* **EXERCISE INSTRUCTIONS**: Restate, exactly as written, the entries below from the line that holds "Real triumfuje w" through the line that holds "gaita777.app". Pictures are not part of the copy.

* **PROVIDED ENTRIES**:
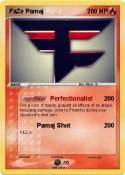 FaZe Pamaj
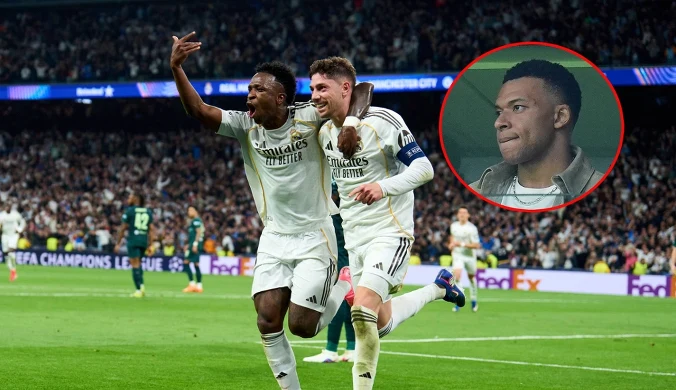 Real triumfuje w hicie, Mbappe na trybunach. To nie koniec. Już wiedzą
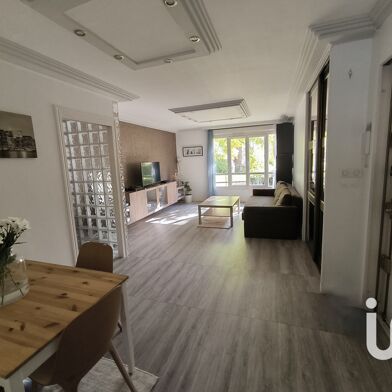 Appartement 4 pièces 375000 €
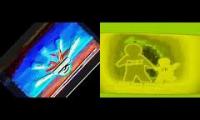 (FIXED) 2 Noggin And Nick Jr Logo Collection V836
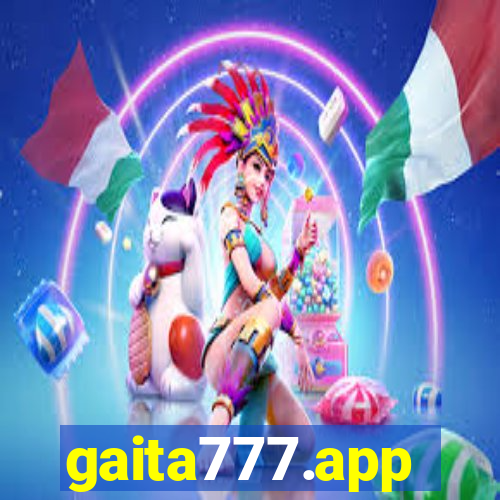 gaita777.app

...

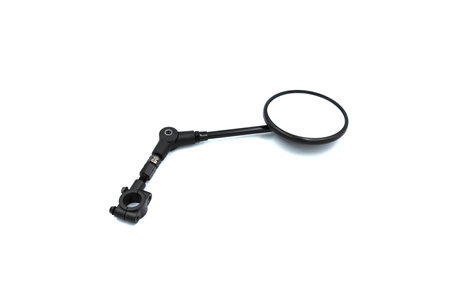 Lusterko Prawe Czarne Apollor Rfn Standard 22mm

* **TASK OUTPUT**:
 Real triumfuje w hicie, Mbappe na trybunach. To nie koniec. Już wiedzą
 Appartement 4 pièces 375000 €
 (FIXED) 2 Noggin And Nick Jr Logo Collection V836
 gaita777.app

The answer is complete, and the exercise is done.